Founded in 2013, the New York-based firm has a nine person team, with four deal partners, and focuses on a variety of sectors including industrial chemicals and packaging. Sanjay Sanghoee, CFO, COO, and CCO,, says Delos focuses on “meat and potatoes-type businesses with stable cash-flows. These companies are often family-owned and in sectors where we have downside protection. We are investing in sectors we know or we have a track record in or it’s a business we can easily understand. We do not invest in anything that has regulatory risk like healthcare. We stay close to our knitting,” says Sanghoee.
Although the firm’s deal strategy is flexible, the firm will typically acquire a platform company and complete add-on acquisitions to attain scale. A typical hold period for the firm is three to five years. “We will do anything we really need to make our portfolio companies stronger, which can include operational improvements or helping the companies find ways increase earnings,” says Sanghoee.
Just last year, Delos acquired Sage Metal Limited, a Delhi, India-based company that manufactures speciality metal products and then through Axial’s network acquired Trident Components to add on to Sage Metal.
Sanghoee adds that he and his partners thrive when they are working on complex situations. “We adapt very well to companies that have issues like a capital structure issue or a hard family dynamic. We are good at solving those types of problems. It’s really a niche for us because these companies are too small for middle market private equity to have interest, but the problems are often too complex for smaller private equity firms to handle. We have a unique experience with our team coming from the larger market and understanding of lots of nuanced situations,” says Sanghoee. “Our team honed their skills on bigger deals, but truly understands the lower middle market and this is where the opportunity to generate returns lies.”
Delos closed on north of $250 million in 2014 for its first fund. The firm’s investors were the usual suspects: university endowments, family offices, and multi shop institutional offices that have pools of capital. This is the mix that’s expected in the firm’s Fund II as well.

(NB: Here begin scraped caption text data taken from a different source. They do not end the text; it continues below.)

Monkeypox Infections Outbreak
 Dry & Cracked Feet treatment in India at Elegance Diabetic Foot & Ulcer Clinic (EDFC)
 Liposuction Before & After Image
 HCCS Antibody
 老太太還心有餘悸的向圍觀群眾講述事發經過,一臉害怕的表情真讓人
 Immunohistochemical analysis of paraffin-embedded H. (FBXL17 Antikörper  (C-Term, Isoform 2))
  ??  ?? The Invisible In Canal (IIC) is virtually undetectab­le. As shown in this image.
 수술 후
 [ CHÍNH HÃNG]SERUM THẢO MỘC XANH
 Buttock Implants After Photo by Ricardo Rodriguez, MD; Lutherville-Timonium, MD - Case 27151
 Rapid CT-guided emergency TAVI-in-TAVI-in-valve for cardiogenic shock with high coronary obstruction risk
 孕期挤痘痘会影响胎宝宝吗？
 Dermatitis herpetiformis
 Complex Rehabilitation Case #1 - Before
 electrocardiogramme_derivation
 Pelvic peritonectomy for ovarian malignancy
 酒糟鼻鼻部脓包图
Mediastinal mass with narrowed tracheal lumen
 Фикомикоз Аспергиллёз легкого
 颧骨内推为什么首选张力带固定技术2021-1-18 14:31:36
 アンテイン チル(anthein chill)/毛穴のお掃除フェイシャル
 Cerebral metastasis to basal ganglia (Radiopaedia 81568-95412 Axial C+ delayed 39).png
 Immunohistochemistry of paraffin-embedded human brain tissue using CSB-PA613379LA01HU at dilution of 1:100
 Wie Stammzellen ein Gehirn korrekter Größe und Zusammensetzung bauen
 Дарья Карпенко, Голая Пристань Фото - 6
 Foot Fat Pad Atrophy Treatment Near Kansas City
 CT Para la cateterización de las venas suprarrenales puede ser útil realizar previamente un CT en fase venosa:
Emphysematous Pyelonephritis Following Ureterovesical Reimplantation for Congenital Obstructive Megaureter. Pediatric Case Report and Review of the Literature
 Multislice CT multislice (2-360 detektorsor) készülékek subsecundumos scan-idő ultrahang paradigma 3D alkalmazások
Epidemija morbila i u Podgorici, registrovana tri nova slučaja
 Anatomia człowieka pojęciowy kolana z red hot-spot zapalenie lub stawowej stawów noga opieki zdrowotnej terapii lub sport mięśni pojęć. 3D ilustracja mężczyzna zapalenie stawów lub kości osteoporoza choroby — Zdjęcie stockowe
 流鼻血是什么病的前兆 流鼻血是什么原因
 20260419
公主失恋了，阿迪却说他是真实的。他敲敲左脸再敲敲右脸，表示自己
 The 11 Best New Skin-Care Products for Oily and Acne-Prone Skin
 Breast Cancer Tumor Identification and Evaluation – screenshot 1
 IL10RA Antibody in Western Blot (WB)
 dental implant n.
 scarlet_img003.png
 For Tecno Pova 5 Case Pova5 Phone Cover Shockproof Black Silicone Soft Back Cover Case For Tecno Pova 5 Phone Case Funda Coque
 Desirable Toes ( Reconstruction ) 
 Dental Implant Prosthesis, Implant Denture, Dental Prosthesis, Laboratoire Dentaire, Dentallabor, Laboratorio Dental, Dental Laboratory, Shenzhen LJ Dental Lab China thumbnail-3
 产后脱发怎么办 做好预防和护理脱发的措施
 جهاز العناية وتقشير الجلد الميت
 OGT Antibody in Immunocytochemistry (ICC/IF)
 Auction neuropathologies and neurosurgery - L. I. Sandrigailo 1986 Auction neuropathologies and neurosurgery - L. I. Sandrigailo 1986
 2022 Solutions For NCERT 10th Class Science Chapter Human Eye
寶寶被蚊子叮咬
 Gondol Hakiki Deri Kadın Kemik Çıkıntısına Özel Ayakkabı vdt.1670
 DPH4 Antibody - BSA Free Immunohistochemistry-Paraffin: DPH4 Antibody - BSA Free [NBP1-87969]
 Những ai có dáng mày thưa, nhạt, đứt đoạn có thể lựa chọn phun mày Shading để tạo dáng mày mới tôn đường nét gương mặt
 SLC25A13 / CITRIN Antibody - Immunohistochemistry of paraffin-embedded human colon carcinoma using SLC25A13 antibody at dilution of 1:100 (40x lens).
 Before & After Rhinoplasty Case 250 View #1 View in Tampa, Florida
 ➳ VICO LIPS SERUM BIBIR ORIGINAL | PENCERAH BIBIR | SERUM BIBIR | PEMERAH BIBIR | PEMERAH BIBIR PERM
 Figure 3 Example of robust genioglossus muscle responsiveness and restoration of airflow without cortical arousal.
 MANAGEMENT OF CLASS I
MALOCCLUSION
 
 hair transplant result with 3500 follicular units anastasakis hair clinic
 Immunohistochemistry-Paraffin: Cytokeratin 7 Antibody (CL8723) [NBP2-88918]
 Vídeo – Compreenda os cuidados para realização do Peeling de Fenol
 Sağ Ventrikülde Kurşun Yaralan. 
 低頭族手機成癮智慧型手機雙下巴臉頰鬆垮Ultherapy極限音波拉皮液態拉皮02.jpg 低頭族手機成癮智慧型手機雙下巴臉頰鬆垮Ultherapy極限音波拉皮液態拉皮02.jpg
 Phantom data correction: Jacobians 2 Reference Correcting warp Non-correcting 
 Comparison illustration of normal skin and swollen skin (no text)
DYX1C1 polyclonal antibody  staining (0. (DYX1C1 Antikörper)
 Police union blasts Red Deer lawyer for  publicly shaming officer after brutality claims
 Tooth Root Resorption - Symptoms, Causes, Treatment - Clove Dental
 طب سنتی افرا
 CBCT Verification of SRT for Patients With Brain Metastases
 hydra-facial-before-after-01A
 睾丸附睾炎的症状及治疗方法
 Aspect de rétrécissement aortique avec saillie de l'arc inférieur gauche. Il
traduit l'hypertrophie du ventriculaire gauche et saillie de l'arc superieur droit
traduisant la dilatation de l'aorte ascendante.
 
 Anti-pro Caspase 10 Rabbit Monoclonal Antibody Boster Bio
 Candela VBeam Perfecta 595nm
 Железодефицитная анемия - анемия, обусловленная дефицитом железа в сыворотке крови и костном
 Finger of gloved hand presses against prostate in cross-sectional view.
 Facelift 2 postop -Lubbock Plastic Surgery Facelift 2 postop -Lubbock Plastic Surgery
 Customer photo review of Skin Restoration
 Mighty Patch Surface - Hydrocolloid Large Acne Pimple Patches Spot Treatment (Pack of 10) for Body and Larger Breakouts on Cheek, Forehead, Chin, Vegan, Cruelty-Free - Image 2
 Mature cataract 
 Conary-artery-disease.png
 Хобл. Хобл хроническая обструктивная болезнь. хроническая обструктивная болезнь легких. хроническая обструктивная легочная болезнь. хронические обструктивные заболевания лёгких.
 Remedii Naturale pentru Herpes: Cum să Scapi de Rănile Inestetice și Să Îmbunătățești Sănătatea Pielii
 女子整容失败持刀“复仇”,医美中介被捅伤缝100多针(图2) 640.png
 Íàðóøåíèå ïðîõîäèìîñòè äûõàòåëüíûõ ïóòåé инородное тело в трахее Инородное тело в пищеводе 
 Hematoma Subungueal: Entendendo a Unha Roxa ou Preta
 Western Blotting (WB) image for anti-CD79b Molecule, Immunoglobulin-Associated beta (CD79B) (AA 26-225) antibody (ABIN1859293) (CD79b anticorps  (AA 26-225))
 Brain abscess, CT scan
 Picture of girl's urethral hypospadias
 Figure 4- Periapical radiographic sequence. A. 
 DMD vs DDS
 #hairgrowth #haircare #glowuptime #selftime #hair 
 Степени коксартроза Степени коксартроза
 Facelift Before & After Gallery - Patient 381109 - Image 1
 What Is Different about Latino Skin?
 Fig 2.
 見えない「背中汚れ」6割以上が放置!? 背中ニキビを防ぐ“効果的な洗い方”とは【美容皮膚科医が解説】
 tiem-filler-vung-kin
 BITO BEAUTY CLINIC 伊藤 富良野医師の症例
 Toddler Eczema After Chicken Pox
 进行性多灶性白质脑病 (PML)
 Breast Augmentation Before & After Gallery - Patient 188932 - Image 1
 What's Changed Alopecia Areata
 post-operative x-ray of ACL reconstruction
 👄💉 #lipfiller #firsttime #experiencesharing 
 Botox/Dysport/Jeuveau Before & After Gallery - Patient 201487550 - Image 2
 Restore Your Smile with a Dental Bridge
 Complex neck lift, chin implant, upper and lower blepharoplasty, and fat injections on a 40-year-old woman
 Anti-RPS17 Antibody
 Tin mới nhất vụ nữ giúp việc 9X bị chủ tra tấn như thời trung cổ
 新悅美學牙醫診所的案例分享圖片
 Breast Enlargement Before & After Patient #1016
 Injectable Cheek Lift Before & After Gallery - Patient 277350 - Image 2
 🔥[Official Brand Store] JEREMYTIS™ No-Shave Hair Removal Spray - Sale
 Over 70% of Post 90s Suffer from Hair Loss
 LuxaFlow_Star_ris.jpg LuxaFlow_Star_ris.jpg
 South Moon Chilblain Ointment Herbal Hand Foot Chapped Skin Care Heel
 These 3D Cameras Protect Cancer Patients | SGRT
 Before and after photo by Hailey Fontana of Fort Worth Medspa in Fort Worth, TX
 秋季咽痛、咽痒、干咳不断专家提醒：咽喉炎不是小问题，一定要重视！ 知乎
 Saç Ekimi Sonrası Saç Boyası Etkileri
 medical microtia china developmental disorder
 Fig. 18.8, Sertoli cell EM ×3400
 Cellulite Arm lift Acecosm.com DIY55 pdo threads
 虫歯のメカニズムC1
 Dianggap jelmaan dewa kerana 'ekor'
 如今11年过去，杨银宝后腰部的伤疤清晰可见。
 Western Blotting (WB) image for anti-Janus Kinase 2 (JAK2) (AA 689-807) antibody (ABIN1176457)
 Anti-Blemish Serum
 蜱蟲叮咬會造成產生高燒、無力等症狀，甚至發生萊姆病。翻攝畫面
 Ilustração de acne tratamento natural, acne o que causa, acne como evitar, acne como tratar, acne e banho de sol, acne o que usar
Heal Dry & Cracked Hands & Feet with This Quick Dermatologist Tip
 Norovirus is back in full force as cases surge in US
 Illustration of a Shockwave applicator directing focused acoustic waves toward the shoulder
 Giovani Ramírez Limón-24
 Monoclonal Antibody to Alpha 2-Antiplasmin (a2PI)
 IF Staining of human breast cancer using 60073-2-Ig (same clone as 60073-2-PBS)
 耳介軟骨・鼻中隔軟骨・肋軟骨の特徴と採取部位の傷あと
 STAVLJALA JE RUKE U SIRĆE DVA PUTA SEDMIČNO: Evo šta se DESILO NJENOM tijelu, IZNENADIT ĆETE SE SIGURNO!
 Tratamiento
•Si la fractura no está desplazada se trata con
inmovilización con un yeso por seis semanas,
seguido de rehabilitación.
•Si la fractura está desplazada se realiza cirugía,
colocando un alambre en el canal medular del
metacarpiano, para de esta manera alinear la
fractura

Delos has nine platform acquisitions in Fund I, including a specialty coating business, business process outsourcing company, and a packaging company. The firm is currently doing a roll up strategy for its United Flea Market (UFM) platform. Based in Denver, Colorado, United Flea Markets owns and operations flea markets across the United States. Delos acquired UFM in October 2015.
“These are not parking lot flea markets. These are shopping experiences and entertainment for the whole family. They have stable steady cash flow and there are probably another 1,200 actionable flea markets in the country for us to purchase. These flea markets have a certain scale and we have identified good ones and we are adding to the main platform. With scale there are synergies from a buying and operational perspective,” says Sanghoee.
Delos was originally interested in the flea market industry because it’s largely untapped. “No one else is doing this. It’s atypical, yet a good business,” he says.
Going forward the firm will look to keep the same cadence of deal activity. “Our deal flow comes through a network of investment banks, law firm, our investors, and the deal databases. This works well for us. We are not trying to do 20 deals a year, but more like two or three, depending on what we see. Once we find a good platform we then build it up,” says Sanghoee.
Sanghoee is optimistic about the lower middle market going forward. “It’s always competitive and you have to be on your toes and keep an eye out for what’s going on in the market. We never take that lightly. We never rest and say we are going to take it easy, but given our specialized nature and where we invest, there aren’t huge amounts of competition and that’s good for us as we move forward,” says Sanghoee.